A common fabric cleaning active ingredient is linear alkylbenzene sulphonic acid (HLAS), and its neutralized form, linear alkylbenzene sulphonate (LAS). Active particles are often made comprising HLAS and carbonate. As well as serving as a carrier, the carbonate also provides a role in neutralizing the HLAS to LAS. This neutralization is essential, as HLAS is a highly viscous material and can cause the granular laundry detergent composition to stick together, or ‘cake’. This ‘caking’ negatively impacts the flowability of the composition which can cause problems in use.
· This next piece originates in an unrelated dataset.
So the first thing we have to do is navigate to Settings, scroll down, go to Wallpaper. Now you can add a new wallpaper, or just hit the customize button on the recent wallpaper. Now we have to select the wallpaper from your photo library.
LAS is a crystalline material which is more free flowing so aiding the flowability of the granular laundry detergent composition.
However, although the presence of carbonate has these positive benefits, it also results in a wash liquor having a high pH. This high pH is harsh on the skin, especially for fabric hand-wash consumers. Furthermore, the high pH can negatively impact some cleaning actives.
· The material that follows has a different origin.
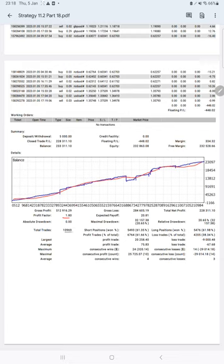Expected payoff is $20, average profit and loss is $75 and $67, which means the risk reward ratio will be 1 to 1.11.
Therefore, there is a need in the art for granular laundry detergent compositions that comprise LAS and low carbonate levels, yet still maintain excellent flowability.
The Inventors surprisingly found that by carefully and specifically controlling the levels and ratios of carbonate, LAS and water in the granular laundry detergent composition, it was possible to lower the carbonate levels yet still maintain excellent flowability.
A first aspect is a laundry detergent composition comprising an agglomerate particle wherein the agglomerate particle comprises;
The present invention is to a laundry detergent composition comprising an agglomerate particle. The laundry detergent composition may comprise between 5 wt % and 90 wt %, preferably between 15 wt % and 80 wt %, more preferably between 20 wt % and 75 wt % of the agglomerate particle.
The ratio of linear alkylbenzene sulphonate to alkoxylated alkyl sulphate may be from 13:1 to 4:1.
The laundry detergent composition can be a granular laundry detergent composition. It is preferred that the laundry detergent composition is in granular free-flowing form.
The laundry detergent composition is suitable for any laundry detergent application, for example: laundry, including automatic washing machine laundering and hand laundering, and even bleach and laundry additives.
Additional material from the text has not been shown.